If you're not getting a clean break in 45 minutes either you are using ultra pasteurized milk or your rennet is no good.

kai

  • Guest
Re: Coagulation, Rennet - No Clean Break > Semi-Lactic Coagulation
« Reply #8 on: April 02, 2009, 04:15:15 AM »
Nick, Can you give me a brand of your milk.
Cause in the label is Nutrition ingridient for THai RDI. not a % of fat.
Whole milk has 3.5% as Wayne said.
In Southeast  asia basicly grass has a low quality then others so milk fat content always has a problem. Milk company have to add butter and other such as flavor excepted Thai-denmark, Jutlada(royal project)and Nong phoe.
You can ask Thai people read for you if ingridient is
Nom Ko = นมโค = cow milk = milk power dilute with water
Nom ko sod tae = นมโคสดแท้ = real whole milk.

Try and try.


thebelgianpanda

  • Guest
Re: Coagulation, Rennet - No Clean Break > Semi-Lactic Coagulation
« Reply #9 on: April 02, 2009, 04:47:23 AM »
All I know is where I am (US/Oregon) even low fat milk like skim will set in 45 minutes as long as it isn't seriously processed.  It won't taste good, but it sets.  I know that in some countries such as India it is very common to boil all milk*, and if that is the case where you are (at the processing plant) that may be the source of your problems.


*This is anecdotal from several engineers I have worked with.

kenjin

  • Guest
Re: Coagulation, Rennet - No Clean Break > Semi-Lactic Coagulation
« Reply #10 on: April 03, 2009, 03:19:02 AM »
Thanks everyone for all your advise.
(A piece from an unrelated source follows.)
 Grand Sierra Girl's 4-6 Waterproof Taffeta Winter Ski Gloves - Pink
You are probably correct about the mistake I am making reading the label. I can't read Thai at all, (my spoken Thai language isn't that red-hot either)

I am using CP Meiji, and I tried CP's high fat with the same result. I will try Chock Chai soon.
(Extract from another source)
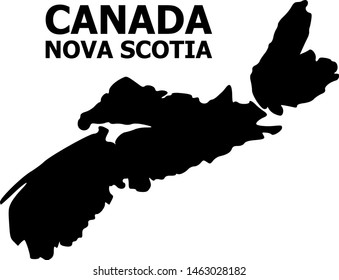 Vector Map of Nova Scotia Province with name. Map of Nova Scotia Province is isolated on a white background. Simple flat geographic map.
However, now you have given me the telephone number to the Thai dairy CO OP. I will pay them a visit and fingers crossed, I may have Raw milk.

What brand do you use Kai?

thebelgianpanda

  • Guest
Re: Coagulation, Rennet - No Clean Break > Semi-Lactic Coagulation
« Reply #11 on: April 03, 2009, 03:34:39 AM »
Hey Nick, would it be possible for you to take a photo of the jug of milk you are using?  I'll bet with the diversity of wonderful people here we could figure out what's going on.  Or if you just get raw milk then I'll bet that'll solve your problems.  Anyway, best of luck!

kai

  • Guest
Re: Coagulation, Rennet - No Clean Break > Semi-Lactic Coagulation
« Reply #12 on: April 04, 2009, 03:04:41 PM »
I use a raw goat milk,never try with cow milk.
You know, everytime you homogenise it(have to heat to 65 c), a fat globule will destroy.It's not good with your coronary artery.

Nick, What are you doing in Chonburi?